There is no artificial intelligence without a data center
By now, artificial intelligence (AI) based on machine learning has become available to everyone, and it became a particularly hot topic with the spread of ChatGPT. However, we have been using AI-based solutions for some time. For example, banks as well as the Estonian Tax and Customs Board are implementing artificial intelligence systems that analyse transactions and behavioural patterns to detect fraud and suspicious activities. Many companies use chatbots to automate customer service, and machine learning methods can also be blamed for the selection of advertisements displayed to users online. However, despite the existence of all these and dozens of other applications, very little attention has been paid to how an AI is actually set up.
It all starts with technology
Broadly speaking, large amounts of two components are needed to implement artificial intelligence: computing power and data. Throughout the decades that AI has been developed, it is precisely the lack of computing power that has occasionally led to stagnation. There is a term for these pauses in development – ‘AI winter’ – and they have sometimes lasted for years. However, each stagnation has been followed by progress, and it is safe to say that there is currently no sign of a technology-induced ‘winter’.
The scarcity of data has also played a role in AI winters. Training artificial intelligence algorithms requires a large amount of high-quality data, and this resource has been growing in abundance recently. Today, for example, information from social media, IoT devices, and digital public databases can be used to train artificial intelligence. Synthetic data is also created to train the machines, and people are hired to give feedback to the AI on the decisions it makes based on specific parameters.
Where are the big AIs located?
Large-scale AIs are often located in data centers, because they require large amounts of power, a controlled environment, and a high level of security. Of course, the demands and expectations on infrastructure grow over time. For example, the US tech giant Meta has announced plans to double the number of its data centers by 2028. The company already owns 21 ‘data campuses’ around the world, representing a total of 16 billion dollars in investments and over 3.7 million square metres of floor space in data centers. As the success of artificial intelligence applications depends on their capability to process data, this is the only way forward.
In each next-generation data center, Meta will add more computing power using a new chip designed in-house that Meta claims is twice as efficient as the graphics processing unit (GPU) used in most AI infrastructure.
What demands does artificial intelligence impose on data centers?
‘The more complex and demanding the IT equipment, the higher the demands that it imposes on the environment in which it operates. An average office building cannot provide the power and cooling needed to run a large-scale AI. That is why, in some places, they are even building separate data centers,’ says Kert Evert, the author of the idea for the largest data center in the Baltics. According to him, there are also companies developing and implementing artificial intelligence at their center. One great and internationally successful example of this is R8 Technologies, which essentially started from a garage and now operates in 15 countries across Europe, using AI to manage the indoor climate and energy use of large, technically complex buildings. Read more about their success story in another blog post.
‘Considering that we have the electricity capacity of an average Estonian city, we will be able to accommodate even more AIs with high energy consumption,’ says Evert.
The most common hardware that is used to power AI are graphics processing units, or GPUs, mentioned earlier in the Meta example, because they can perform many calculations in parallel. This is why, in the context of AI, GPUs often perform their tasks several hundred times faster than classical central processing units (CPUs). Today, of course, very efficient (and expensive) special versions of these CPUs have already been developed.
The same is true for storage devices that can handle both structured and unstructured data. Of course, connectivity is also critical in this equation. This means that the connections between computing units processing in parallel have to handle huge volumes.
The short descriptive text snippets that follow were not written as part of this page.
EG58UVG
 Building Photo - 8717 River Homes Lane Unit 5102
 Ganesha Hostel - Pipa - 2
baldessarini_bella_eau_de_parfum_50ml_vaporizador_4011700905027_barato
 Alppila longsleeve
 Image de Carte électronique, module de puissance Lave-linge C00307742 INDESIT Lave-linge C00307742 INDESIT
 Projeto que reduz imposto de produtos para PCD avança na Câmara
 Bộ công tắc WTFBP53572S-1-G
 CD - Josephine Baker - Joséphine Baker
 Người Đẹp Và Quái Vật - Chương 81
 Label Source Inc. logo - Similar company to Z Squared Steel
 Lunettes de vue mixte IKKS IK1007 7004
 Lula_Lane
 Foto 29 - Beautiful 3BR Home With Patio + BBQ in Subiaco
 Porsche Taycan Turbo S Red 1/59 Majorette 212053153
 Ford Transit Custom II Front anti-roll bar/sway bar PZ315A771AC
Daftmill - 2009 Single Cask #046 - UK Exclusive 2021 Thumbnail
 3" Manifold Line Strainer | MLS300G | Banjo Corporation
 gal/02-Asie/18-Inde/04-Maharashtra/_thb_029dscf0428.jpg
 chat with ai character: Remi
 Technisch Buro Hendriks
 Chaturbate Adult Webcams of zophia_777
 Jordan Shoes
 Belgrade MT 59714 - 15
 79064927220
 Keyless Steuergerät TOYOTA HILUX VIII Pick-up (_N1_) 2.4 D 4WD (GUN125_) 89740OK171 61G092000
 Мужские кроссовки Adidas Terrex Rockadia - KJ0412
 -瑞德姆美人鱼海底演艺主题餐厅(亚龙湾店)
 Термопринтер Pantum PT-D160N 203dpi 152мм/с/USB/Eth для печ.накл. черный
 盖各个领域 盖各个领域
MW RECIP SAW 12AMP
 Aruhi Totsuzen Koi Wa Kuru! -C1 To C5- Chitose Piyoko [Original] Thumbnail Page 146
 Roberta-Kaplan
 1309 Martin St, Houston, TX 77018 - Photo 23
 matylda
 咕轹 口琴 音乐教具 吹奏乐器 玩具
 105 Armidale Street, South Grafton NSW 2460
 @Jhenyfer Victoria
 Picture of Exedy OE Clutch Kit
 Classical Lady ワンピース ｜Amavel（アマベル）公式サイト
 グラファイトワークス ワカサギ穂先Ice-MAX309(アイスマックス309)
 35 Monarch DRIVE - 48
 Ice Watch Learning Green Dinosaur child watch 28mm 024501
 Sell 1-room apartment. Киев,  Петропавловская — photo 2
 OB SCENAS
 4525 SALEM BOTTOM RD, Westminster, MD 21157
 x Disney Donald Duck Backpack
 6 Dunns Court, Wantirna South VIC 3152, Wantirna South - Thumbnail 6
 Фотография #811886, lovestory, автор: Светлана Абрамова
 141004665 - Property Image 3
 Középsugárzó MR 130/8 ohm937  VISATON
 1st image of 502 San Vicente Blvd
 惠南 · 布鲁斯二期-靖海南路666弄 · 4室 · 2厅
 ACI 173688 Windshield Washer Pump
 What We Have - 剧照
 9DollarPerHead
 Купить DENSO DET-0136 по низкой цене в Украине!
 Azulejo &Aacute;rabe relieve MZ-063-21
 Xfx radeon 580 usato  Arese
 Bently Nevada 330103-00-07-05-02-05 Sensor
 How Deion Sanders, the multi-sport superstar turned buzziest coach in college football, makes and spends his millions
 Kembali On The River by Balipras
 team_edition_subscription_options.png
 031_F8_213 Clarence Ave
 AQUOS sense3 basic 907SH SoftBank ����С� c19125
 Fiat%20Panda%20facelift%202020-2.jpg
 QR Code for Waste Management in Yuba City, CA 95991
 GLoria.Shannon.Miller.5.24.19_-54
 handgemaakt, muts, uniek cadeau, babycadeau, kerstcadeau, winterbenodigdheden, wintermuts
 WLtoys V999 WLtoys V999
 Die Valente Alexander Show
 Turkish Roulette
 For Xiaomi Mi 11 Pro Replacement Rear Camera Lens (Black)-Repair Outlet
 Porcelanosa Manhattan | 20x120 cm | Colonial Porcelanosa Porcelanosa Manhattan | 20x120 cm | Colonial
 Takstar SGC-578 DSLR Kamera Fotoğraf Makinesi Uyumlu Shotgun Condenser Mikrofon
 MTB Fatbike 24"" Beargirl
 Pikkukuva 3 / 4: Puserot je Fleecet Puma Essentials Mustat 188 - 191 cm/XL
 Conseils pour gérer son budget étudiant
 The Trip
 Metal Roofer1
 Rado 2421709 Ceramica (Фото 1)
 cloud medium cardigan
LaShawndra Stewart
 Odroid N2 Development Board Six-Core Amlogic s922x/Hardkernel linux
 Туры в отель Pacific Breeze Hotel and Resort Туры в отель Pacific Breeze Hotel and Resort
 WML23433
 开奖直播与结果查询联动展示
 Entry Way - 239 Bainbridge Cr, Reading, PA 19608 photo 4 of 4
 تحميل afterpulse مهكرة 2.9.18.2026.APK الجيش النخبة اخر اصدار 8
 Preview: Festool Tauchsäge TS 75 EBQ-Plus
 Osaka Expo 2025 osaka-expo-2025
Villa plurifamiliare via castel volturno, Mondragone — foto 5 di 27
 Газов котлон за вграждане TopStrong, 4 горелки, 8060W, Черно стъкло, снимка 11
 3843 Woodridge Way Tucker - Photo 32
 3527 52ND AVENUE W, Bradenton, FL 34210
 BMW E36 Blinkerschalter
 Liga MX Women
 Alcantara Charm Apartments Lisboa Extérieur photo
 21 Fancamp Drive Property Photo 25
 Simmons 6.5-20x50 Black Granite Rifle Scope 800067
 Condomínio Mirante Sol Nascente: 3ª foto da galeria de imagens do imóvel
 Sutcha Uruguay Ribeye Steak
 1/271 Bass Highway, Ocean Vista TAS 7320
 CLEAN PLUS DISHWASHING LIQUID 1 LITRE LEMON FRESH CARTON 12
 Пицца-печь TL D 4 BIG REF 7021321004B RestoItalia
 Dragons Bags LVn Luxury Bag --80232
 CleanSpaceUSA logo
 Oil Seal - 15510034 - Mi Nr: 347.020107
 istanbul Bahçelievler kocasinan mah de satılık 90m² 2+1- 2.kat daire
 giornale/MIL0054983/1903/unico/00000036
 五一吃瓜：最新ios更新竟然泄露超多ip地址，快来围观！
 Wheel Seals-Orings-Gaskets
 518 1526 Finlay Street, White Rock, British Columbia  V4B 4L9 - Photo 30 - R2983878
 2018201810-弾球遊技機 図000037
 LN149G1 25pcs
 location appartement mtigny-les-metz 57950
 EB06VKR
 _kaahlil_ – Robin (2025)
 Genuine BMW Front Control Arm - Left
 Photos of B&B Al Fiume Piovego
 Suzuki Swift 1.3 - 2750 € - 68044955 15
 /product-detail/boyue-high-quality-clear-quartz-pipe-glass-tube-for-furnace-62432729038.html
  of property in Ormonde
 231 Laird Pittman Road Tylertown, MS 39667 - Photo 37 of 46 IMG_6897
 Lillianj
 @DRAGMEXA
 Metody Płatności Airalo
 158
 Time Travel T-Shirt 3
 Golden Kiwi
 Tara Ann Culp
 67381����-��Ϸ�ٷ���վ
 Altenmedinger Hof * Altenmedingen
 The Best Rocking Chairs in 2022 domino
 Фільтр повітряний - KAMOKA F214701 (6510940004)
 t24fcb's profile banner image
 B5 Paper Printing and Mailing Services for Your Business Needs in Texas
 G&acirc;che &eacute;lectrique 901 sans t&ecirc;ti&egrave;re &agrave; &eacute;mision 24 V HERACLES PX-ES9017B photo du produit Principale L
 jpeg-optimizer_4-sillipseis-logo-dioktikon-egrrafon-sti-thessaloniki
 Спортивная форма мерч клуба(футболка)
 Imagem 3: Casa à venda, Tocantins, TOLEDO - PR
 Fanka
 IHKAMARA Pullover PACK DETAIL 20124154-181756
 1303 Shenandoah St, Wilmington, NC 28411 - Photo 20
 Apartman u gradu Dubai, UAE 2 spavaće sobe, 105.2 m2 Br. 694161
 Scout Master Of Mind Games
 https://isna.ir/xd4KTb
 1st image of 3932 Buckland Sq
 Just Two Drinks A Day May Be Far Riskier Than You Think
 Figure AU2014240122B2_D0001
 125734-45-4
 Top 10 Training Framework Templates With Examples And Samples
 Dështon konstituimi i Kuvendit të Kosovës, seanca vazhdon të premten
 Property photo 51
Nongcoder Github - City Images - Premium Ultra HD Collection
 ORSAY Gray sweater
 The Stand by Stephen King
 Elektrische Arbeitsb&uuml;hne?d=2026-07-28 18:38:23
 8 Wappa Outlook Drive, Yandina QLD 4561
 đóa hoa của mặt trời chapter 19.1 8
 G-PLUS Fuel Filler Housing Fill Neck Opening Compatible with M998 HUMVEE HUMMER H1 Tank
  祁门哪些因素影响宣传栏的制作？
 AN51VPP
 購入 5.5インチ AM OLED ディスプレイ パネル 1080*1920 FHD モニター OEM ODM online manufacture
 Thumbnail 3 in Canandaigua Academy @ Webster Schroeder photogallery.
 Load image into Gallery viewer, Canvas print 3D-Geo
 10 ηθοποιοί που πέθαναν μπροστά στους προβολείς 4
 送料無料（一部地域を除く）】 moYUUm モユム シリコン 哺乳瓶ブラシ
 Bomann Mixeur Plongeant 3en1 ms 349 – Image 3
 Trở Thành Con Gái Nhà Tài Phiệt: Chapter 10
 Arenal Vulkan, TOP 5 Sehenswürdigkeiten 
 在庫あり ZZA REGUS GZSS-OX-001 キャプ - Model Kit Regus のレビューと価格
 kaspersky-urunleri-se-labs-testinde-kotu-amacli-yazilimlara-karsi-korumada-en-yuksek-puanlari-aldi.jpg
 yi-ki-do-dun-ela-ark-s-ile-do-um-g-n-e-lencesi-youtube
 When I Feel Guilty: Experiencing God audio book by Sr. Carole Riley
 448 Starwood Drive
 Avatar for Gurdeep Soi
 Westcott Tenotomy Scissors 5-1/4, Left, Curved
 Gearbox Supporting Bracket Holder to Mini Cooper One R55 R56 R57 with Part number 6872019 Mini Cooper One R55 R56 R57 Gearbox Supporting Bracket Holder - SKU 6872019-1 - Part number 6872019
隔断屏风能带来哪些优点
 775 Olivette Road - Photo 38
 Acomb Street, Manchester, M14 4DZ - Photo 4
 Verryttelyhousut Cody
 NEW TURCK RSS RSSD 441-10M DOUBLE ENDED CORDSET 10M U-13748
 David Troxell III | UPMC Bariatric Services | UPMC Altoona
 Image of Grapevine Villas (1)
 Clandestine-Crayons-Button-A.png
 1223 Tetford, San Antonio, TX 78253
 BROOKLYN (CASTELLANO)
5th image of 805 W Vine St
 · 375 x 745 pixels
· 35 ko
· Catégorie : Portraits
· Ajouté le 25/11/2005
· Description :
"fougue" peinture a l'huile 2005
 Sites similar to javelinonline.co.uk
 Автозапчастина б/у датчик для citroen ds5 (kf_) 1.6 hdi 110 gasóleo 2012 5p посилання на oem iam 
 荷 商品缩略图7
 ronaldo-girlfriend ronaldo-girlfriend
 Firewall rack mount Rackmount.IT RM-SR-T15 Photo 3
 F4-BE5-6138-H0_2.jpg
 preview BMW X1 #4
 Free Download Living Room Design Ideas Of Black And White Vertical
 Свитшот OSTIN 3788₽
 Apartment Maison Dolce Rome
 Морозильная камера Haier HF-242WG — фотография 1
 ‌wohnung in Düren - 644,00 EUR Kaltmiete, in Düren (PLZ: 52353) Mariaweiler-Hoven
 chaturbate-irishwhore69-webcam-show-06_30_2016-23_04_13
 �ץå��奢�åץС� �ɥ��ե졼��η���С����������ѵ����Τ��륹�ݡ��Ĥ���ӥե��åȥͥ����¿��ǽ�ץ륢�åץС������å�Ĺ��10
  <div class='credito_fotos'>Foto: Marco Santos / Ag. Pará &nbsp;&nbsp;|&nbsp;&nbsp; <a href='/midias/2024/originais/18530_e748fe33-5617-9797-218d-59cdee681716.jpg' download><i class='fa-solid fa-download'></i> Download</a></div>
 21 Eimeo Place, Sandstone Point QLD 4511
The rule here is that the more specific the use and the newer the device, the more you need to pay for it. In terms of GPUs alone, for example: 2,048 Nvidia A100 GPUs were used to train the Meta artificial intelligence LLaMA earlier this year. At the time of writing, the price of one of these GPUs is in the region of €10,000 – this means that the processors alone cost over 20 million euros. ‘In this context, it can be argued that, when it comes to the training and deployment of artificial intelligence, physical security is, without a doubt, important in addition to reliability. Both the devices themselves and the intellectual property on them must be protected,’ Evert adds.
Ultimately, the AIs that will reshape our future world will rely heavily on two components: computing power and data. The first of these requires specific hardware and data centers to host them. While more and more data is being created all the time, data centers and the technology that runs in them are not going to come into existence on their own, and this is an area where we can expect rapid progress in the near future.